Nicole estava muito feliz por sua amiga. Ela conheceu Bruna no Dusty's, um bar que era um Andromeda em escala baixa. Bruna estava trabalhando na última semana de um aviso prévio de duas semanas.
Elas se uniram quase instantaneamente, o que Nicole não fez com quase ninguém. Quando tomou a decisão de deixar o emprego de marketing, Nicole ligou para Bruna para perguntar se o Andromeda Club estava contratando.
Lhe ocorreu que, quando havia se mudado para Chicago sozinha, pensava ser uma ilha. Ela nunca esperava ter um companheiro de quarto, certamente não aquele com quem estava namorando e, desde o desastre de Paulo, ela ficou ansiosa para recuperar seu status de ilha. Ela odiaria pensar que havia perdido a capacidade de ser independente depois de passar a depender de um homem que não era confiável no final.
Seu recente rompimento com o namorado de dois anos, sem-teto e perder o emprego para o qual obteve seu diploma foi uma série de pequenos contratempos.
Viver com um cachorro era o passo de ponte da colega de quarto para mais uma vez viver sozinha, e ela aceitaria. Em algum lugar nela, vivia uma mulher destemida, que estava sempre pronta para uma nova aventura.
Nicole estava determinada a encontrá-la novamente.
--- em outra parte de Chicago... ---
O irmão mais velho de Tag e CEO da Thompson Hotels, Reese Thompson, não gostava do conselho de administração em torno da mesa de conferência. No ano passado, quando eles haviam tagarelado a Tag sobre os lucros atrasados nos bares de hotéis e piscinas em todo o país, ele os colocou recentemente em sua lista de merda.
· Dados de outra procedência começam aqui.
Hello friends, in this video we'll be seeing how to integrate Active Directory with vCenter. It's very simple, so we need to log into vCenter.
Hoje, eles mudaram de música.
- Dado que as perdas caem dentro de um intervalo aceitável, estamos diminuindo os problemas dos bares nos Serviços de Quarto e Restaurante de um código vermelho para um código amarelo. - Frank sorriu com sua própria piada, mas o único pensamento no cérebro de Tag era que os dentes do homem mais velho correspondiam ao seu código. - Obrigado por sua cuidadosa preparação Tag. Agora, se você nos der licença, Bob, Lilith e eu temos uma reunião para participar do centro da cidade. Isso marca o fim da nossa agenda. A menos que vocês tenham algo a acrescentar?
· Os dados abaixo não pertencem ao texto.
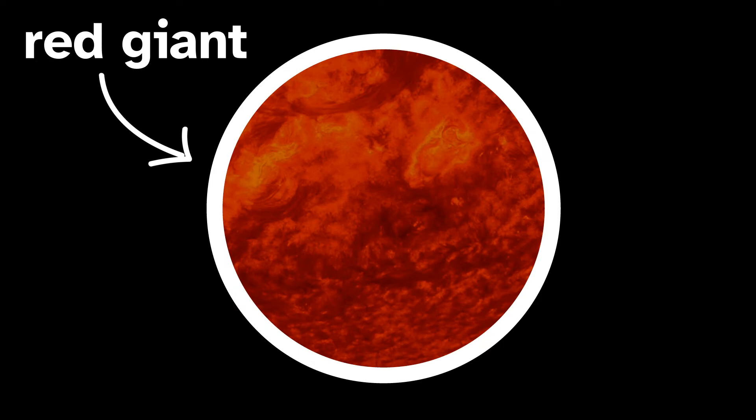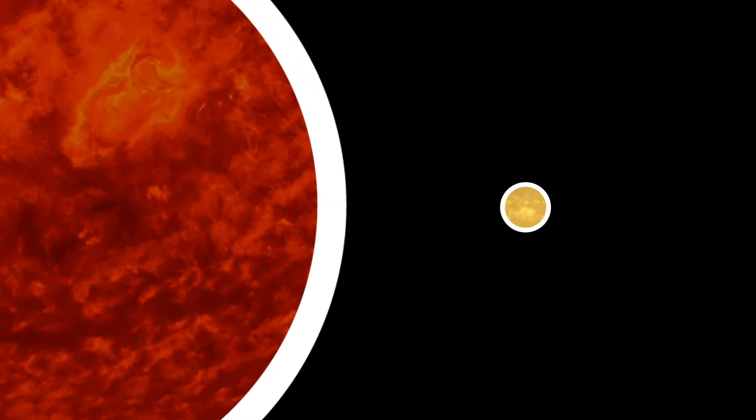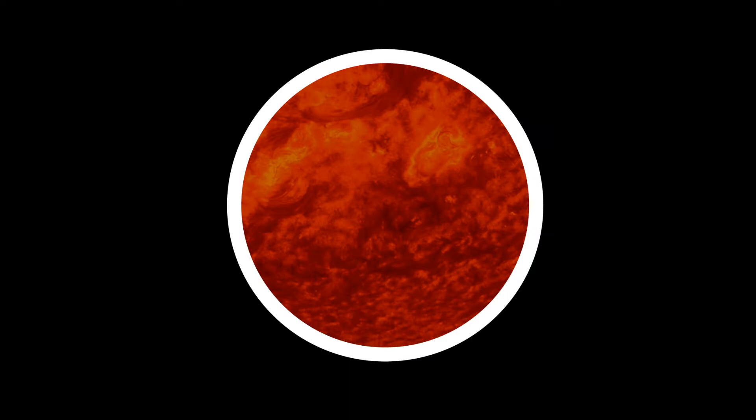Red giants are gigantic stars, hundreds of times the diameter of our sun. Their light appears red because of their cooler temperature.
Tag tinha muito a acrescentar, mas quando ele abriu a boca, Reese falou por ele.
- Não há nada para acrescentar do nosso lado.
Tag sentiu um músculo em sua bochecha tremer. Reese lançou lhe um olhar de soslaio enquanto as pessoas do conselho administrativo se arrastavam pelo corredor. A porta da sala de conferências se fechou atrás deles e ele encarou o irmão.
- O termo "perdas aceitáveis" não é uma má notícia. - Reese falou e arqueou uma sobrancelha.
- A perda nunca deve ser 'aceitável' irmão. - Tag respondeu. - O conselho fala sobre a queda nos lucros nos bares do hotel no ano passado, mas a trinta segundos atrás eles não se importaram mais.
Tag deixou cair o lápis número 2 não utilizado para passar a mão pelo cabelo, depois lembrou que estava puxado para trás. Longo, quase até os cotovelos, ele preferia usar o cabelo solto, mas nas reuniões do conselho ele o transformava em um híbrido de rabo de cavalo baixo/coque de homem. Ele também prendeu os ombros largos em um botão desconfortável e envolveu as coxas volumosas em calças restritivas. Ele sentiu... não como ele. Agitado por estar aqui, por toda essa coisa de desclassificação.
Sempre o irmão subestimado, ele não deveria se surpreender que eles o tivessem encolhido. Mesmo que os Serviços de Quarto e Restaurante não fossem seu bebê, mas na realidade era, ele consideraria cooperar valer a pena se o conselho o deixasse em paz e voltasse para o que quer que fizessem quando não estavam importunando os irmãos Thompson.
- Eu prefiro lidar com isso, não o ignorar. - disse Tag.
- Eles sabem que você é capaz irmão. Eles não estão preocupados. Tome isso como um elogio. - Reese encolheu os ombros facilmente, dando-lhe um passo. Muito longe de onde ele estava há um ano, quando ele quase foi apoplético com Frank.
O conselho tentou impedir Reese de se tornar CEO, citando desaprovação pelo estilo de vida playboy de Reese. A boa notícia é que Reese acabou com uma esposa, agora ex-esposa e que em breve será sua esposa novamente (longa história), mas, naquele momento, Tag estava tendo dificuldades para encontrar seu próprio revestimento de prata.
Ele não considerou a futilidade um elogio.